Falta de Monitoramento e Indicadores
A CGU foi enfática ao afirmar que o município não possui nenhum tipo de sistema de monitoramento da efetividade da regulação. Não há metas de tempo de espera, nem indicadores de desempenho por unidade. Tampouco há controle de reincidência ou cruzamento de dados para identificar padrões anômalos. A regulação, em vez de ser um instrumento de justiça no acesso à saúde, opera na penumbra da informalidade.
CGU Alerta para Riscos Graves
Embora não tenha feito recomendações formais no relatório, a CGU deixou registrado que o sistema, tal como se encontra, representa um risco concreto de:
- Inviabilizar o acesso justo à saúde;
- Permitir favorecimentos pessoais ou políticos;
- Abrir margem para clientelismo e desvios de finalidade;
- Gerar desperdício de recursos públicos;
- Comprometer a credibilidade do SUS no município.
Outro Lado
Procurada pela CGU durante a auditoria, a Secretaria Municipal de Saúde de Natal alegou que está em contato com o Ministério da Saúde para viabilizar treinamentos que qualifiquem os reguladores e permitam o uso pleno do Sisreg, uma vez que a cidade nunca recebeu capacitações específicas para o sistema.
Sobre o absenteísmo, a Prefeitura informou estar preparando uma portaria que estabeleça políticas de overbooking para reduzir o impacto das faltas.
Quanto à ausência de metas e indicadores, a SMS afirmou que parte das metas depende da pactuação interfederativa com os demais municípios do estado e que o Sisreg não fornece, por padrão, os dados necessários para esse tipo de acompanhamento.
Em relação aos logins fantasmas e à falta de controle sobre os agendamentos, a CGU destacou que a Prefeitura não se manifestou sobre os questionamentos específicos.
O Que Diz A Atual Gestão
Em nota, a Secretaria Municipal de Saúde (SMS) de Natal informou “que está ciente das denúncias realizadas pelo SINDSAÚDE-RN recentemente com relação a supostas falhas nas atividades de regulação, razão pela qual está acompanhando atentamente os desdobramentos e cooperando com as investigações por parte dos órgãos competentes”.

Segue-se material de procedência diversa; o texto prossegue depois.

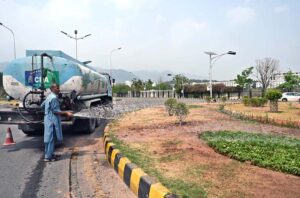 CDA worker busy in showering water on plants in front of Parliament House.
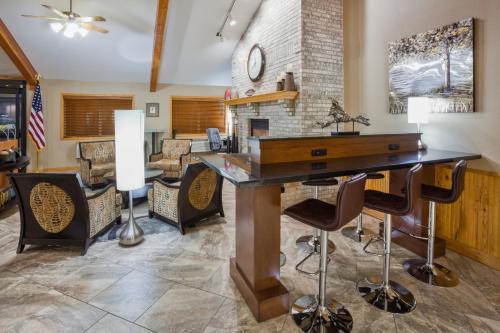 a kitchen with a desk and chairs in a room at AmericInn by Wyndham Sartell in Sartell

A Secretaria, conforme o comunicado, também já iniciou, em paralelo, “processo interno de apuração de possíveis incorreções nas atividades regulatórias da Pasta. Além disso, a SMS comunica que a Diretora mencionada na denúncia solicitou desligamento, no que foi atendida, visto que tanto a profissional quanto a gestão entendem que esta é a melhor solução para o esclarecimento do caso.”